* [What needs to be done]: Please output the following records exactly. Leave every image out.

* [Dataset excerpts]:
╔══

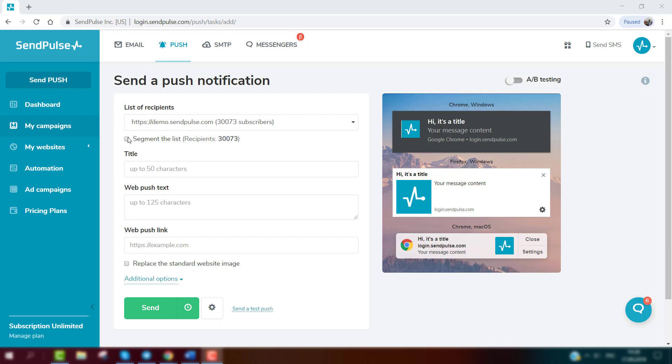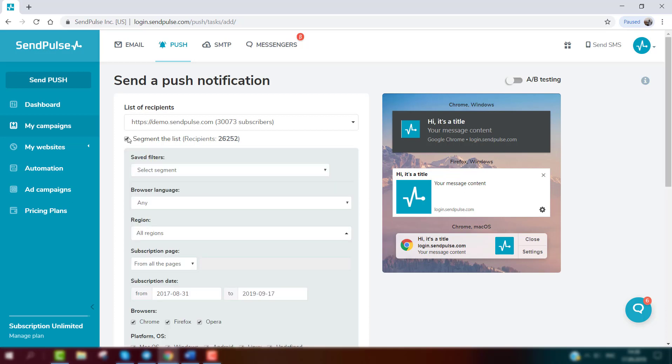When you have more than 10 web push subscribers, the segmentation option will become available to you. To send a notification to a certain segment, choose the necessary mailing list, tick 'Segment the list,' and indicate the required segmentation criteria.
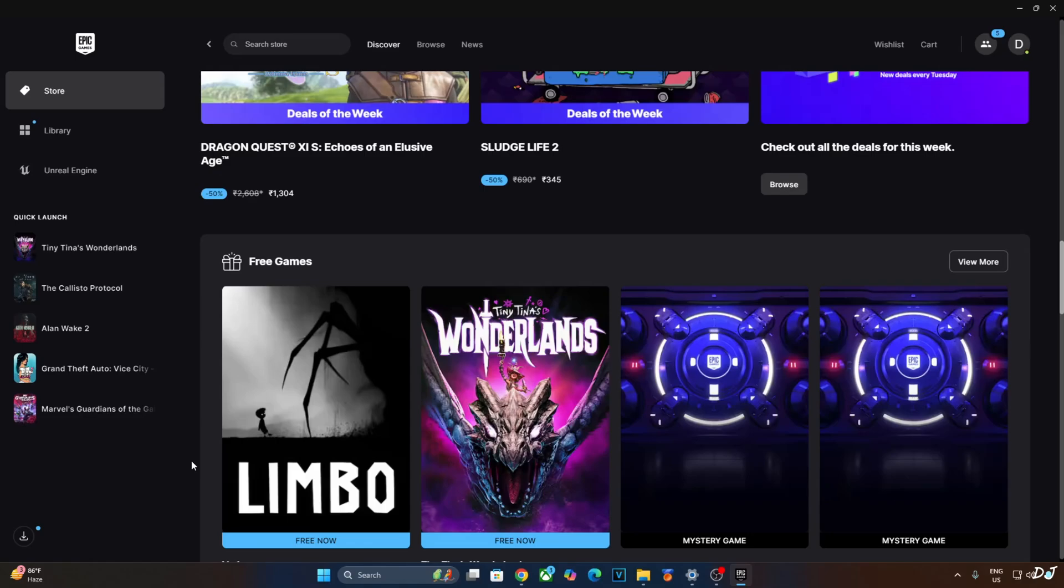Welcome back guys. Right now you can grab the PC versions of Limbo and Tiny Tina's Wonderlands for absolutely free from Epic Games website.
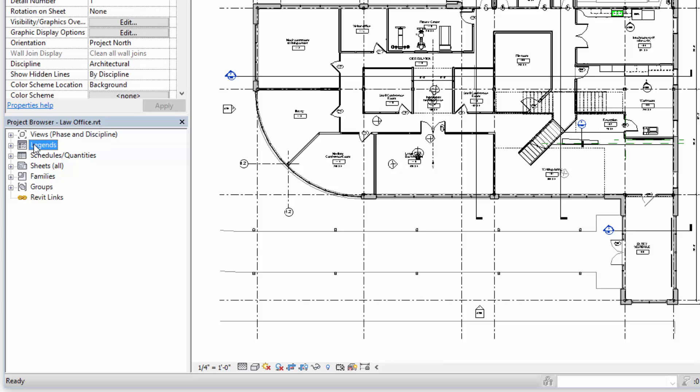We also have legends, which are a 2D view like unto a legend on a map. You can create some graphics in a legend view. And one thing that's unique about legends is that they can be placed on multiple sheets.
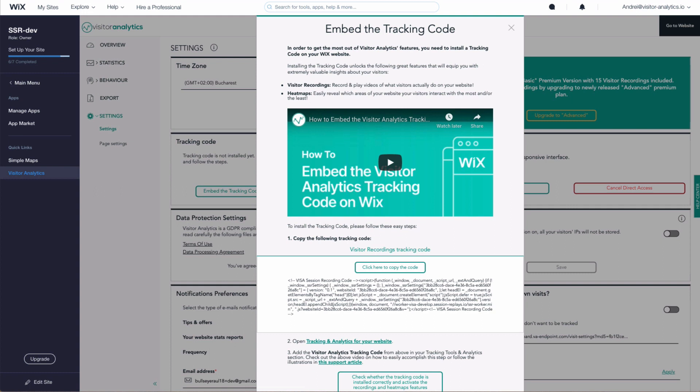like heat maps, which enable you to identify what parts of your website visitors interact with the most and the least, or visitor recordings that enable you to record and play real videos of what your visitors actually do on your website.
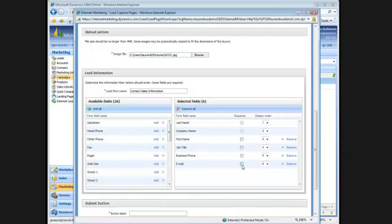On this page, I can select required fields. I'll make them all required. And I can reorder the display. So I'll put first name first.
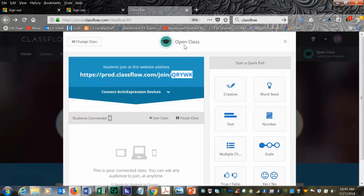You can do an open class. You will see each of the students connect and their names at the bottom.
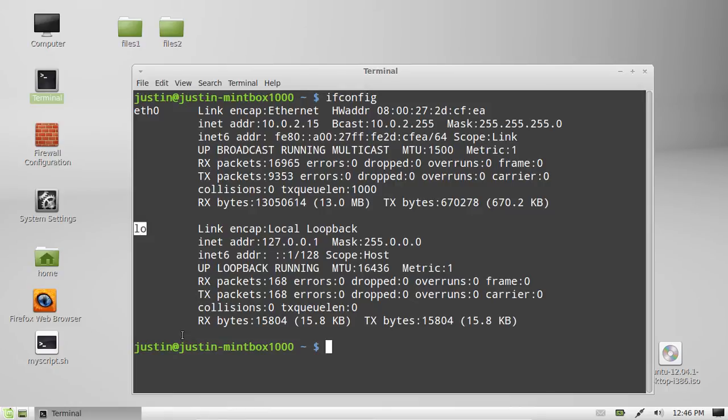Also, most people also have WLAN0, which stands for Wireless LAN 0, and very likely that's the one you're using, or Ethernet, you'll know which one you're using.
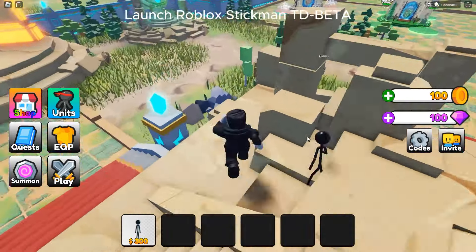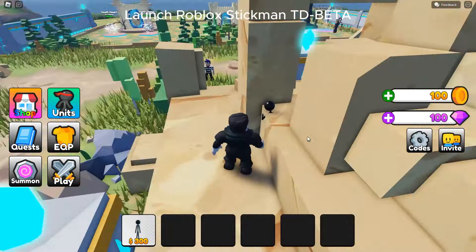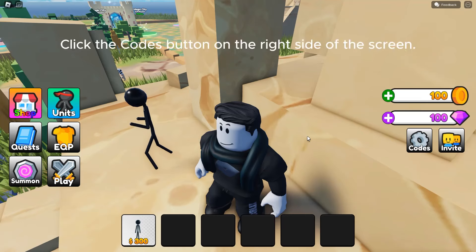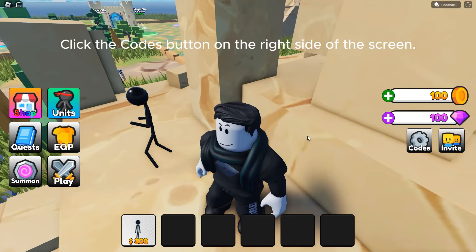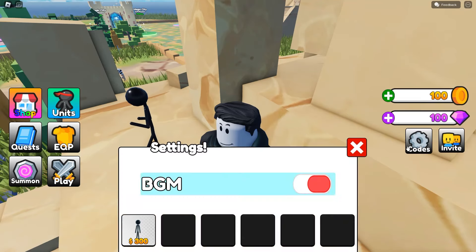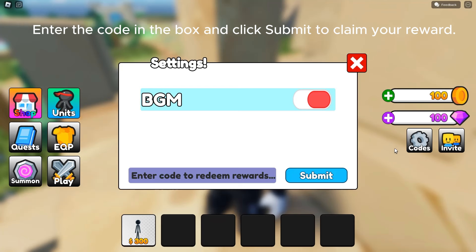Launch Roblox Stickman TD Beta. Click the Codes button on the right side of the screen. Enter the code in the box and click Submit to claim your reward.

╚══

* [Solution to this problem]:
When you have more than 10 web push subscribers, the segmentation option will become available to you. To send a notification to a certain segment, choose the necessary mailing list, tick 'Segment the list,' and indicate the required segmentation criteria.
Welcome back guys. Right now you can grab the PC versions of Limbo and Tiny Tina's Wonderlands for absolutely free from Epic Games website.
We also have legends, which are a 2D view like unto a legend on a map. You can create some graphics in a legend view. And one thing that's unique about legends is that they can be placed on multiple sheets.
like heat maps, which enable you to identify what parts of your website visitors interact with the most and the least, or visitor recordings that enable you to record and play real videos of what your visitors actually do on your website.
On this page, I can select required fields. I'll make them all required. And I can reorder the display. So I'll put first name first.
You can do an open class. You will see each of the students connect and their names at the bottom.
Also, most people also have WLAN0, which stands for Wireless LAN 0, and very likely that's the one you're using, or Ethernet, you'll know which one you're using.
Launch Roblox Stickman TD Beta. Click the Codes button on the right side of the screen. Enter the code in the box and click Submit to claim your reward.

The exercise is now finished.